Accélération de la dématérialisation. Les réseaux sociaux sont un outil extraordinaire pour dématérialiser son activité dès lors que la confidentialité et la sécurité sont respectées. L'expert-comptable peut partager via des plateformes collaboratives fiches de paie et bilans, ou l'agence de publicité ses fichiers d'exécution avec son imprimeur. Deux intérêts principaux pour l'entreprise : pas de limite de poids des fichiers et un contrôle absolu sur l'accès aux fichiers. Les solutions de stockage de documents en ligne, enjeu du «cloud», ne sauront se passer des réseaux sociaux, car le stockage des données ne peut plus être envisagé sans la question de leur partage. Bientôt, ce sont les devis et les factures qui seront dématérialisés, les réseaux sociaux permettant de les générer automatiquement. Ensuite, ce seront les paiements qui se feront sur ces plates-formes, permettant le paiement et le suivi des relations clients/fournisseurs en temps réel.

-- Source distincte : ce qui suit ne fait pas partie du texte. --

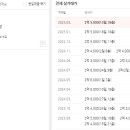 한일유앤아이아파트 이미지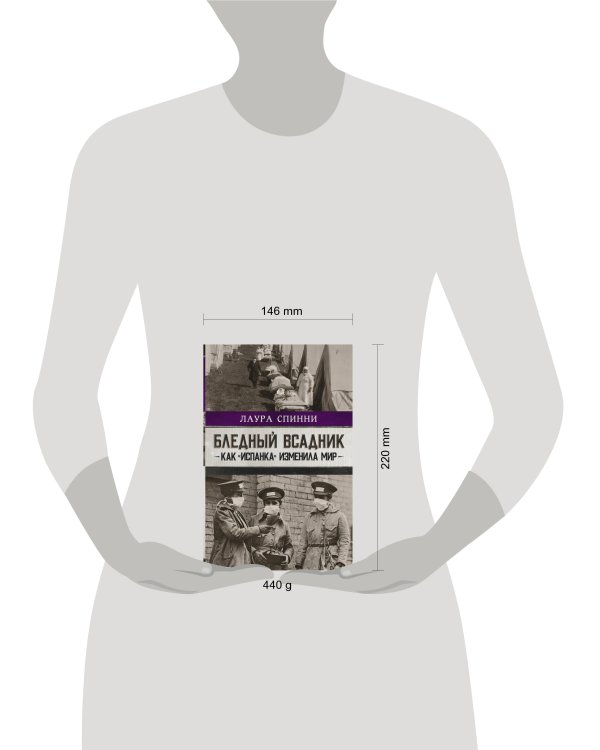 Бледный всадник: как «испанка» изменила мир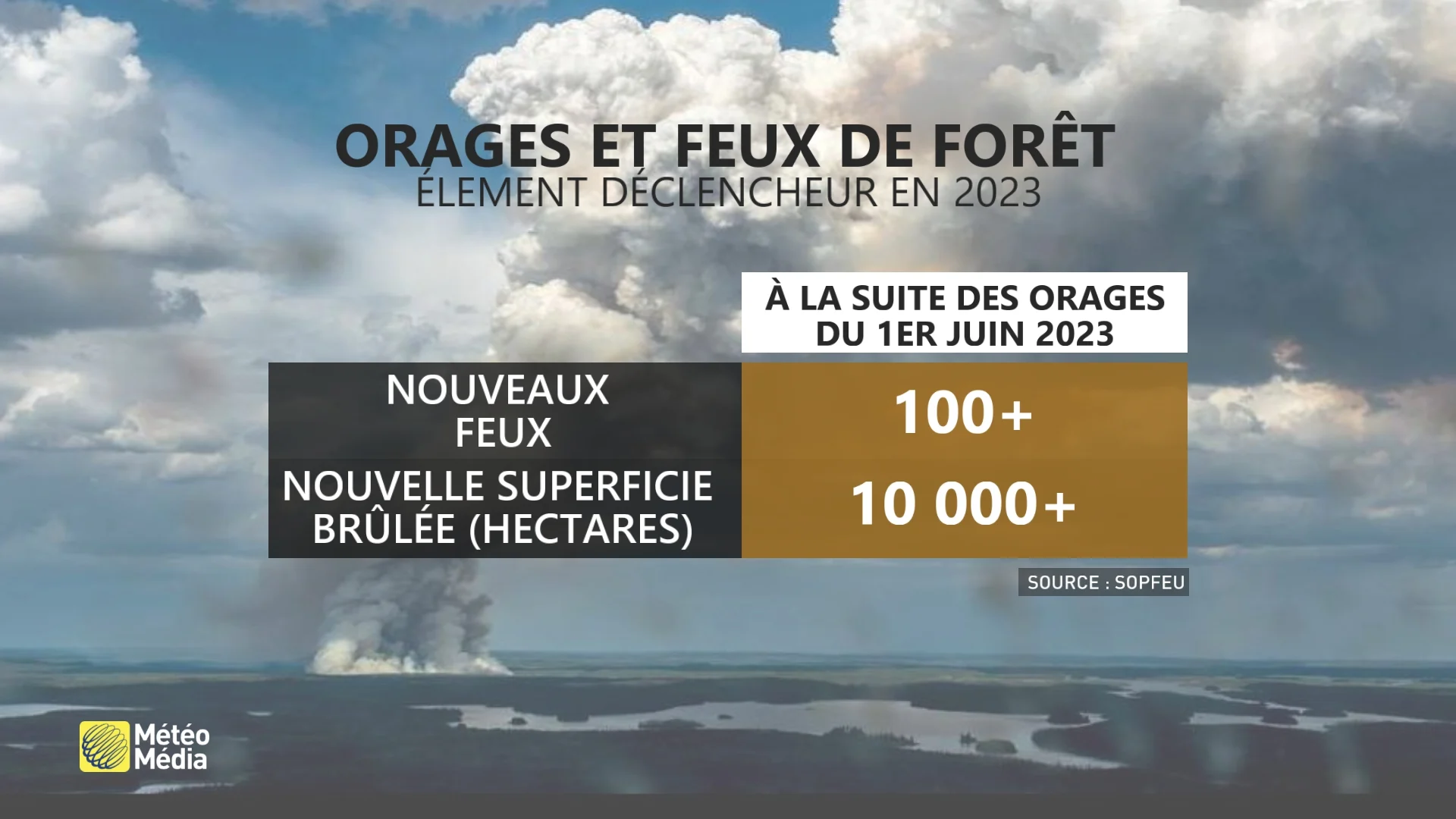ORAGES ET FEUX-2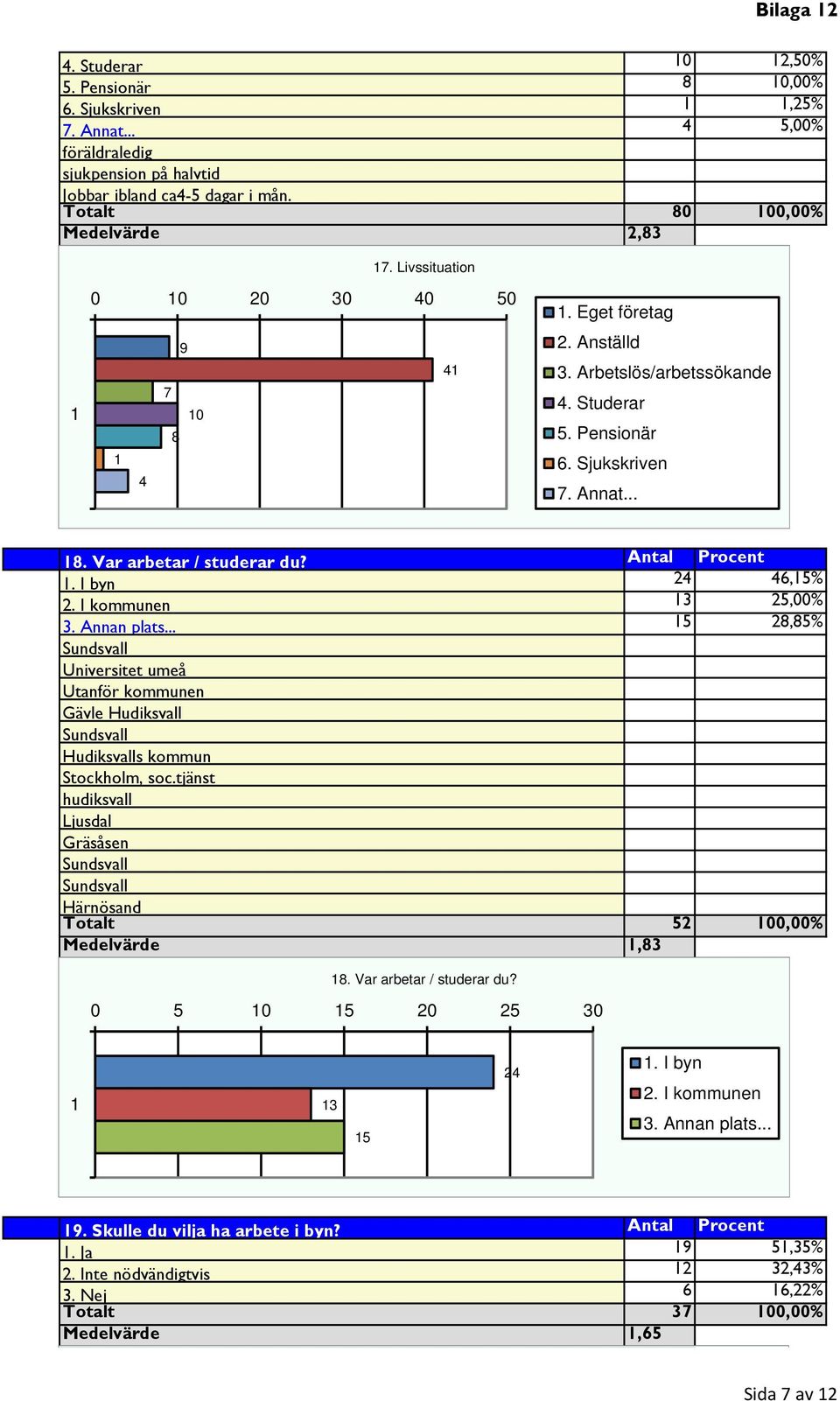 I byn 24 46,5% 2. I kommunen 3 25,00% 3. Annan plats... 5 28,85% Sundsvall Universitet umeå Utanför kommunen Gävle Hudiksvall Sundsvall Hudiksvalls kommun Stockholm, soc.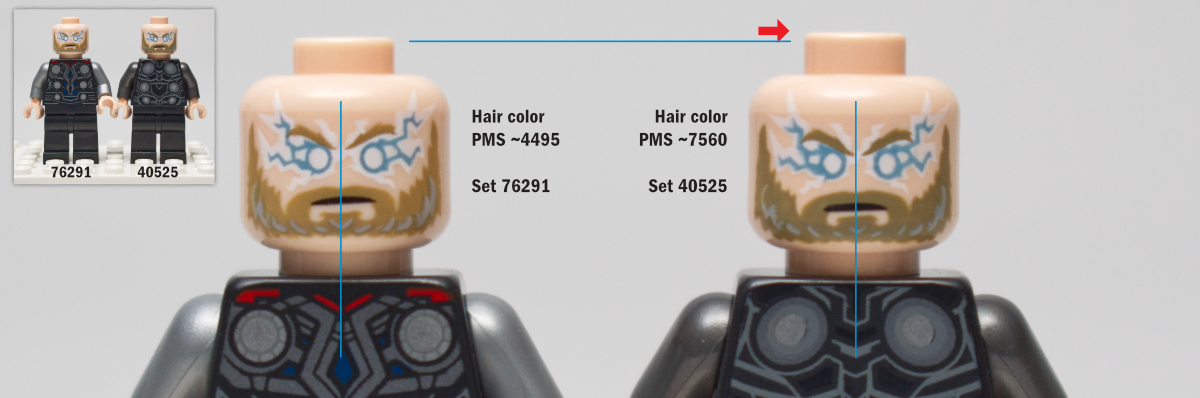 Thor heads
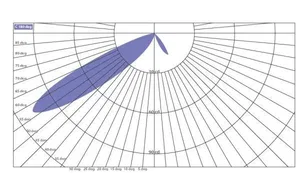 Профиль с экраном ALU-ASYMETRIC-2000 ANOD+FROST LENS (Arlight, Алюминий)
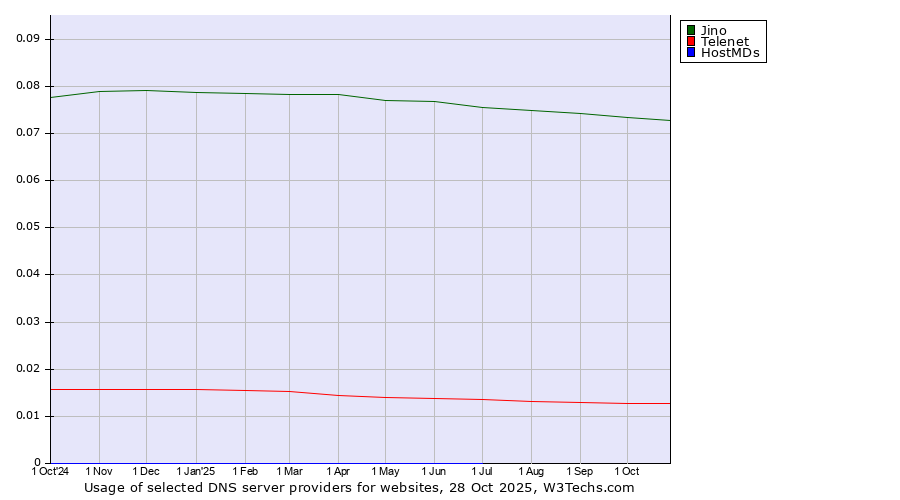 Historical trends in the usage of Jino vs. Telenet vs. HostMDs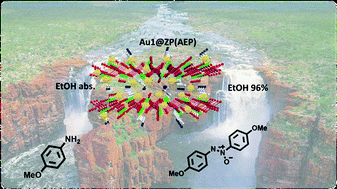 Graphical abstract: Au@zirconium-phosphonate nanoparticles as an effective catalytic system for the chemoselective and switchable reduction of nitroarenes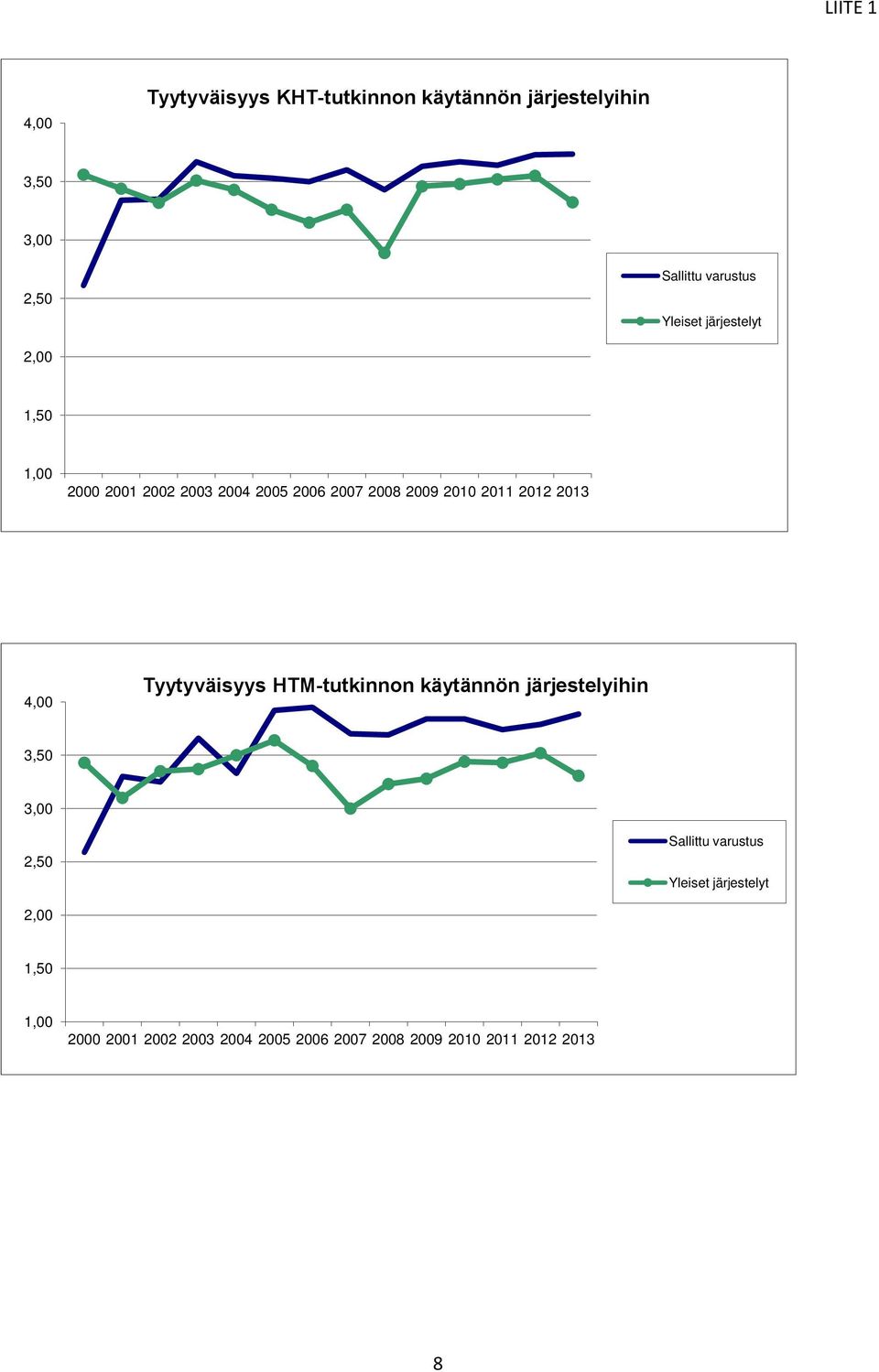 järjestelyt Tyytyväisyys HTM-tutkinnon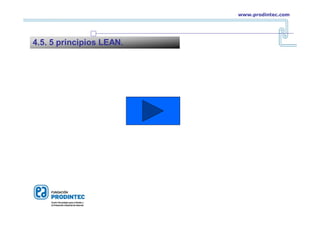 4.5. 5 principios LEAN.
www.prodintec.com
 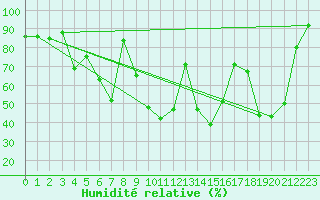 Courbe de l'humidit relative pour Engelberg
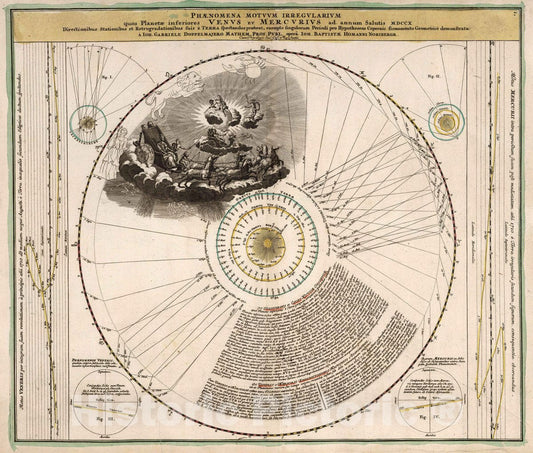 Historic Map : Venus Phaenomena Motuum Irregularium, 1742 Celestial Atlas , Vintage Wall Art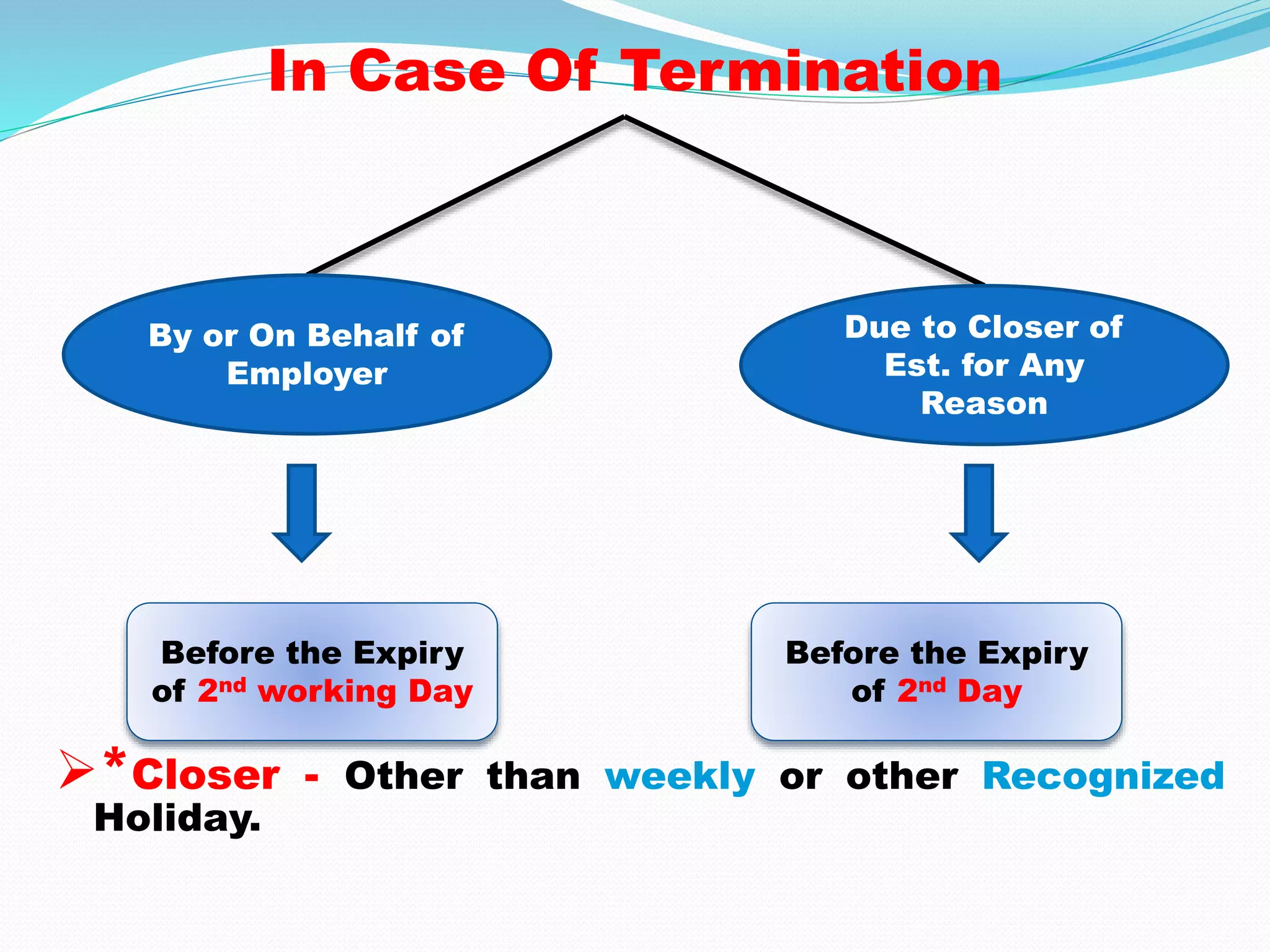 In Case Of Termination
*Closer - Other than weekly or other Recognized
Holiday.
By or On Behalf of
Employer
Due to Closer of
Est. for Any
Reason
Before the Expiry
of 2nd working Day
Before the Expiry
of 2nd Day
 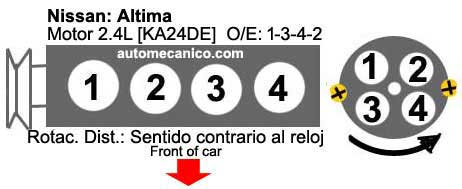Nissan Altima / motor: 2.4L - Orden de encendido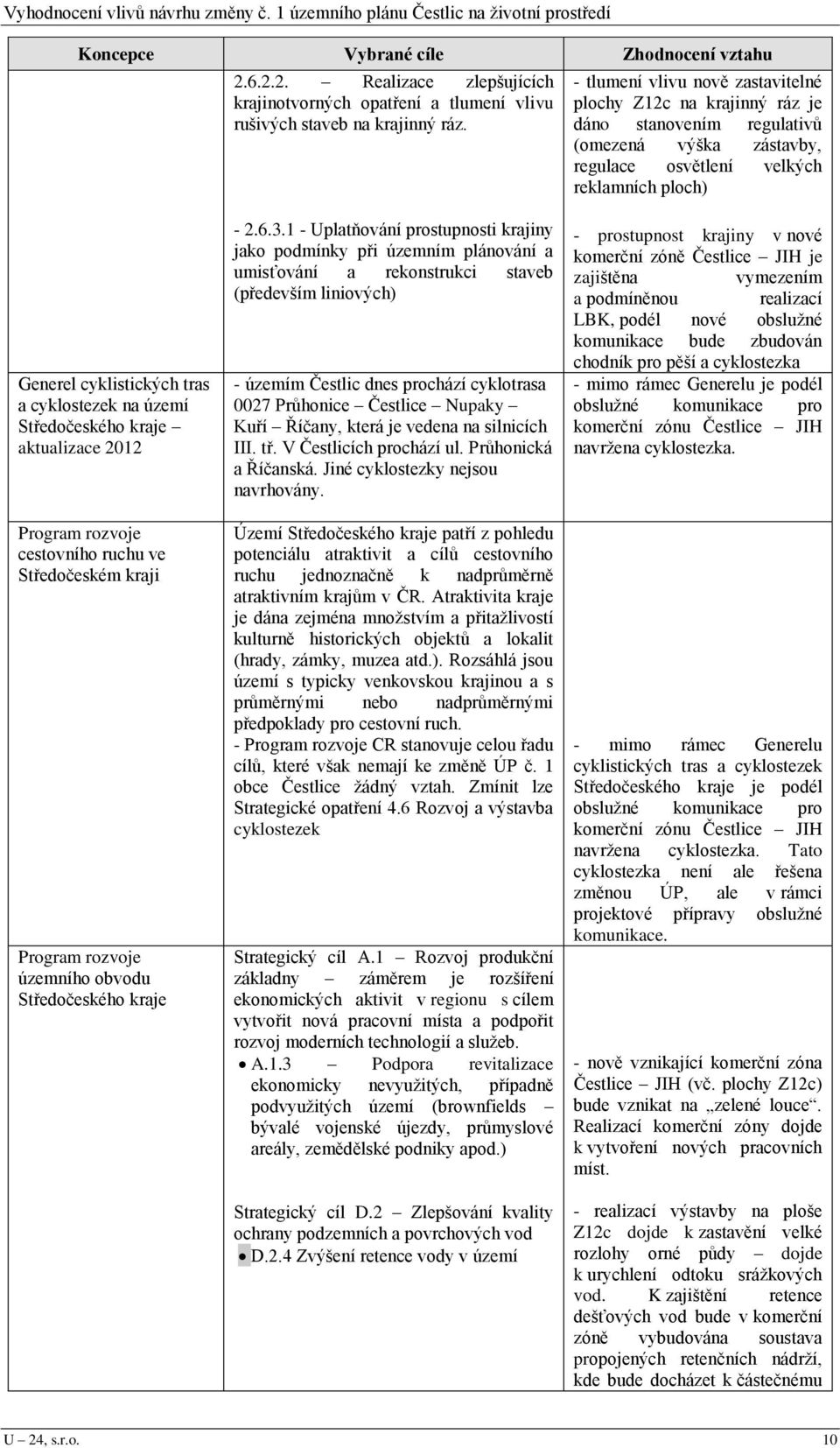 cyklostezek na území Středočeského kraje aktualizace 2012 Program rozvoje cestovního ruchu ve Středočeském kraji Program rozvoje územního obvodu Středočeského kraje - 2.6.3.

Développement de la visibilité sur le Web. Les réseaux sociaux sont une solution simple et peu coûteuse pour maximiser son référencement. Un profil d'entreprise sur un réseau social est souvent plus payant en termes de référencement que son propre site Internet ! Un réseau social professionnel présente aussi des avantages considérables par rapport aux annuaires professionnels de référence : il est mis à jour en temps réel par l'utilisateur. Surtout, les réseaux sociaux professionnels sont désormais à considérer comme des annuaires qualifiés pour chaque utilisateur, qui construit petit à petit son carnet d'adresses personnel à partir de la base de données du réseau social, son réseau devenant une source qualifiée de prospection.
Convaincre les chefs d'entreprise que l'utilisation raisonnée et pensée des réseaux sociaux sera bientôt indispensable à leur développement, et même à leur survie, est un enjeu qui doit être soutenu par les pouvoirs publics. Le gouvernement français, en rassemblant PME, innovation et numérique dans un même ministère, a montré une acuité certaine sur le sujet. Il convient maintenant de soutenir l'innovation pour permettre de développer des solutions d'avenir qui permettront – enfin – aux entreprises françaises de profiter de ces nouveaux leviers de compétitivité.